---------- Data to process
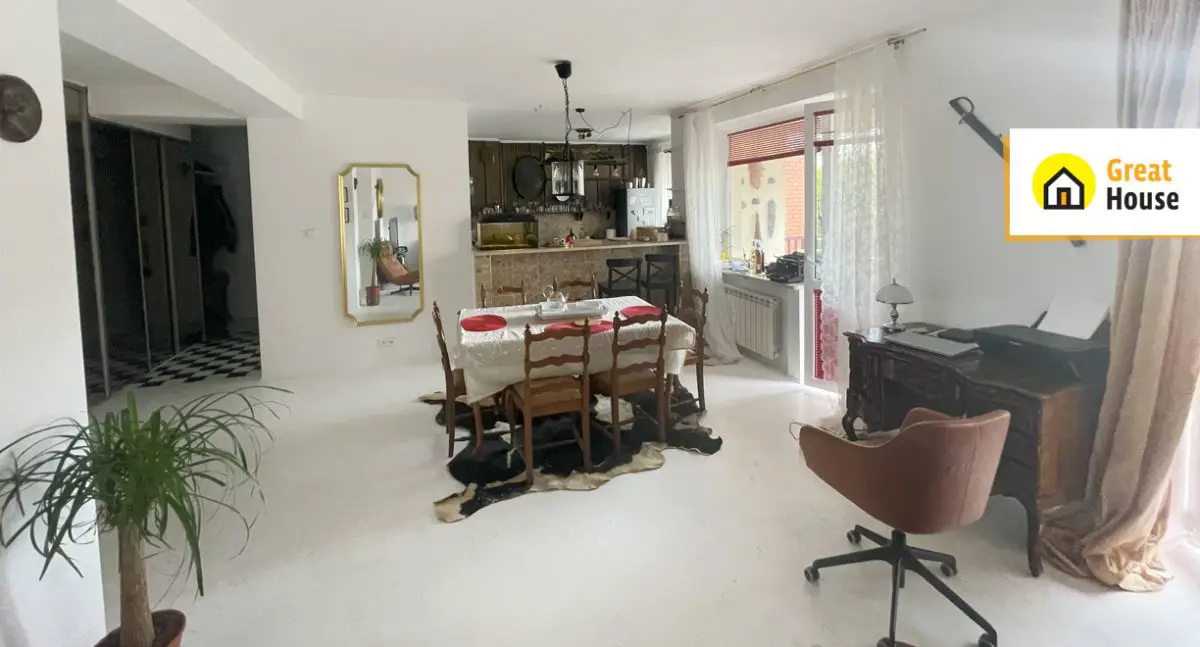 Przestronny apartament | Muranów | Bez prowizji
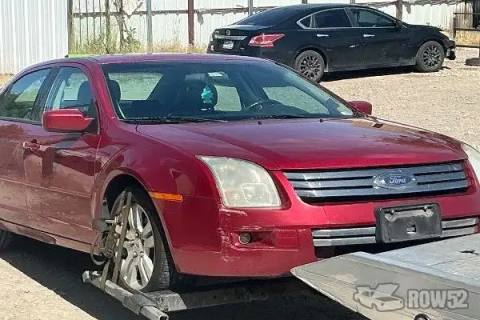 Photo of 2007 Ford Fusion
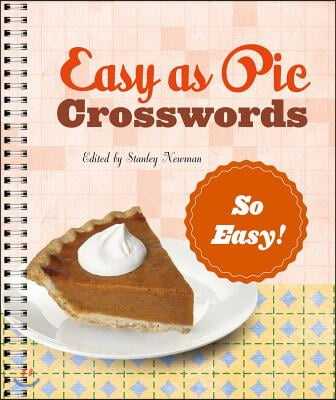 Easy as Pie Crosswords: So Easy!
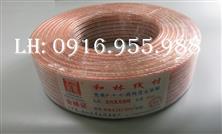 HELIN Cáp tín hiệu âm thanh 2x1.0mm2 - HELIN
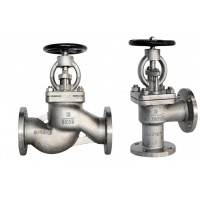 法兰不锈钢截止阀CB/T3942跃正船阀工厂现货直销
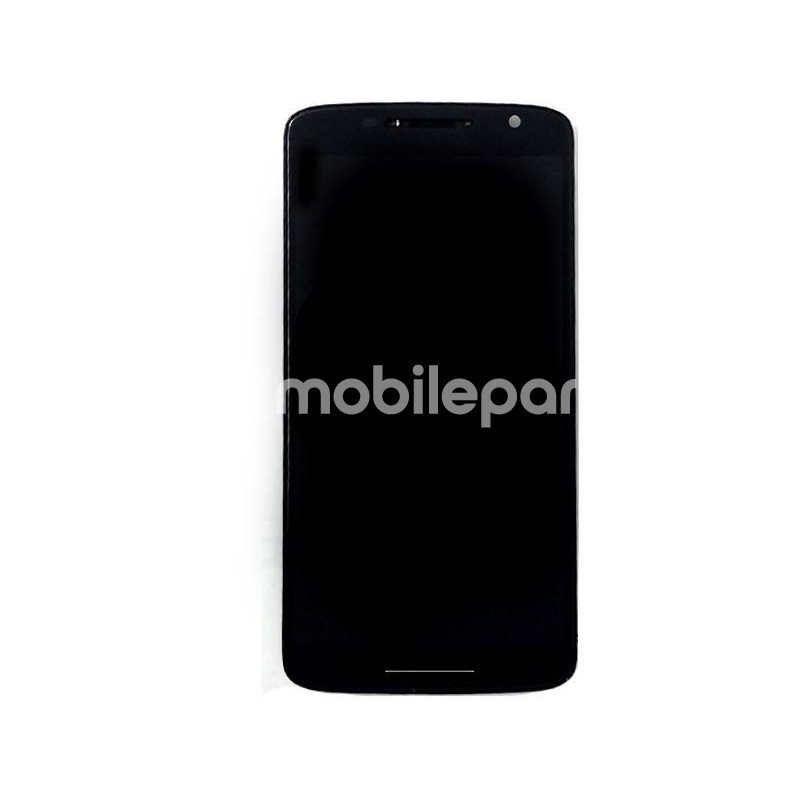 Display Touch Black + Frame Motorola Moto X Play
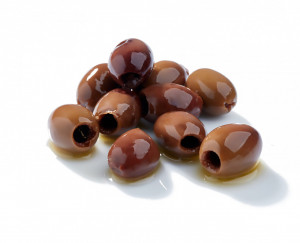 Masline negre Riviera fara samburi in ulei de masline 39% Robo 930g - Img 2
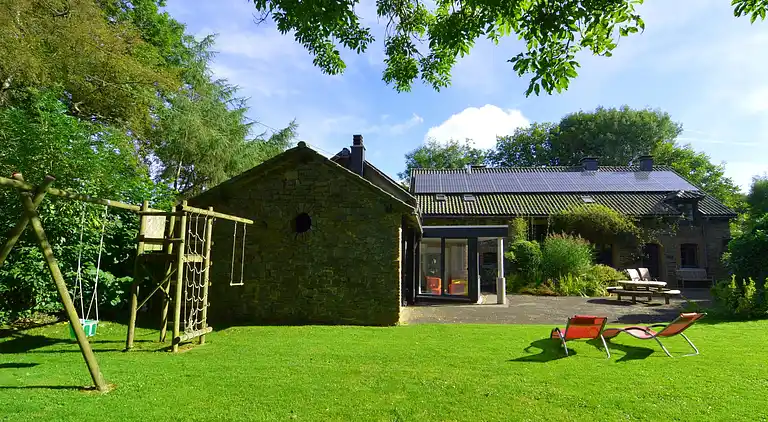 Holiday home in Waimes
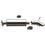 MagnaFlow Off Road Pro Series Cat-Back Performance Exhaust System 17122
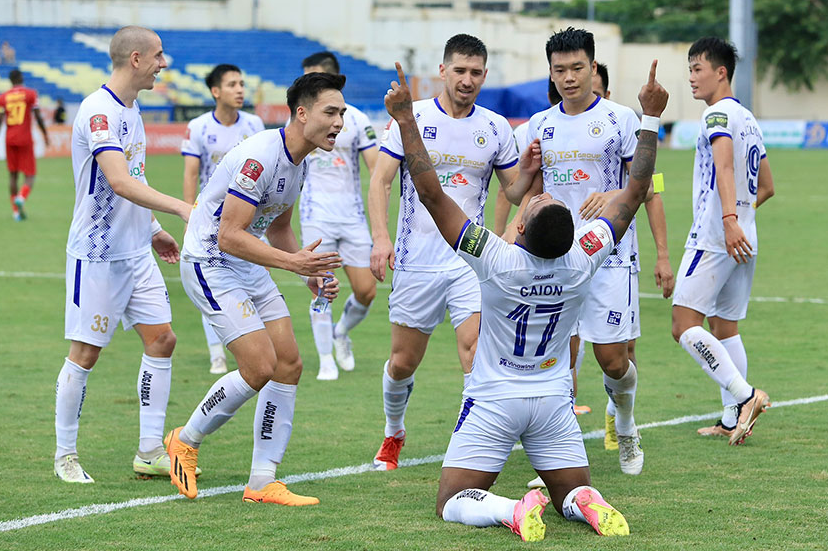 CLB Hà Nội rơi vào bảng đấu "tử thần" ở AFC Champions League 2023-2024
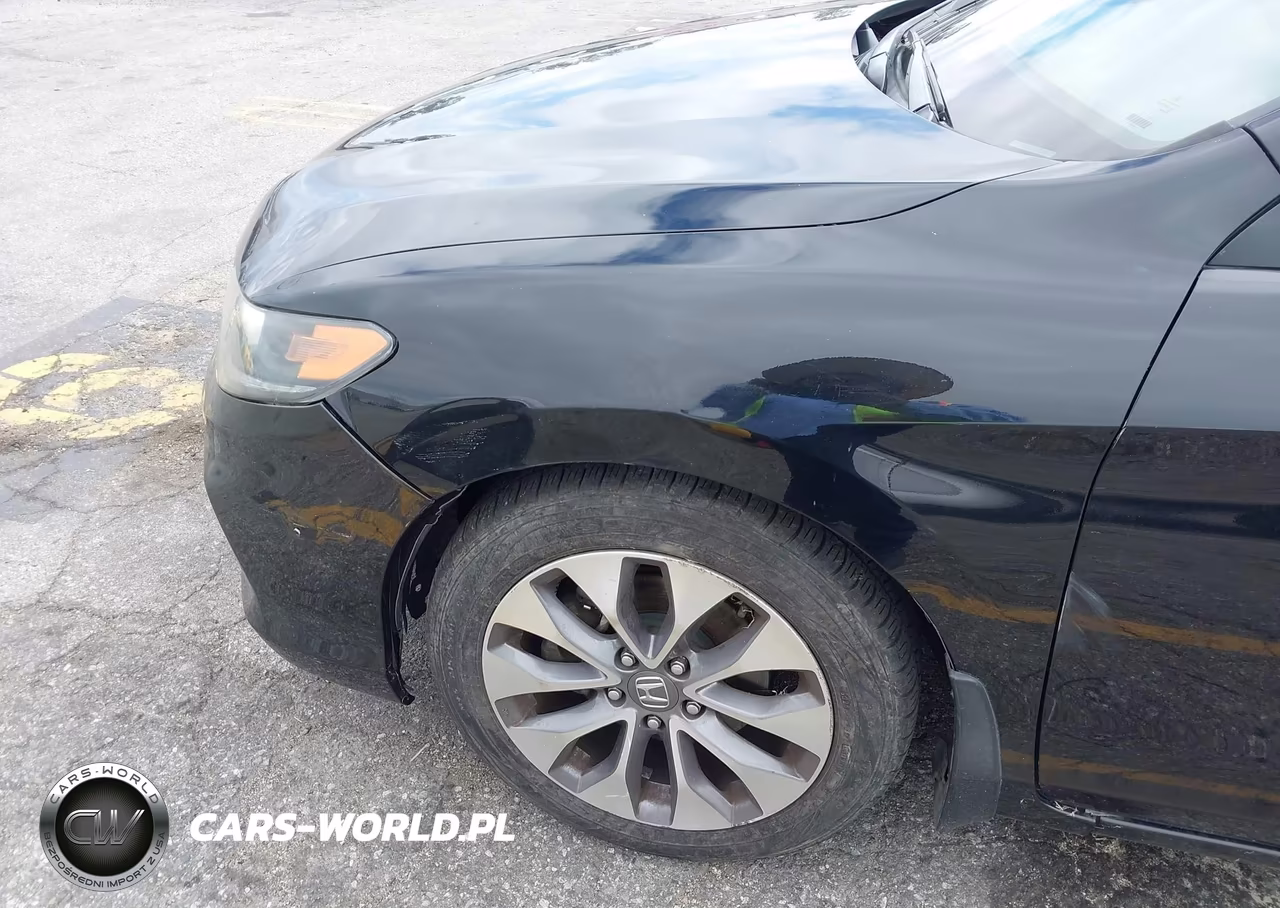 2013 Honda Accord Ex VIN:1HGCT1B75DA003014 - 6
--------------------
What is expected: Exact copy, no pictures: please print the data above once more.

Result below:
 Przestronny apartament | Muranów | Bez prowizji
 Photo of 2007 Ford Fusion
 Easy as Pie Crosswords: So Easy!
 HELIN Cáp tín hiệu âm thanh 2x1.0mm2 - HELIN
 法兰不锈钢截止阀CB/T3942跃正船阀工厂现货直销
 Display Touch Black + Frame Motorola Moto X Play
 Masline negre Riviera fara samburi in ulei de masline 39% Robo 930g - Img 2
 Holiday home in Waimes
 MagnaFlow Off Road Pro Series Cat-Back Performance Exhaust System 17122
 CLB Hà Nội rơi vào bảng đấu "tử thần" ở AFC Champions League 2023-2024
 2013 Honda Accord Ex VIN:1HGCT1B75DA003014 - 6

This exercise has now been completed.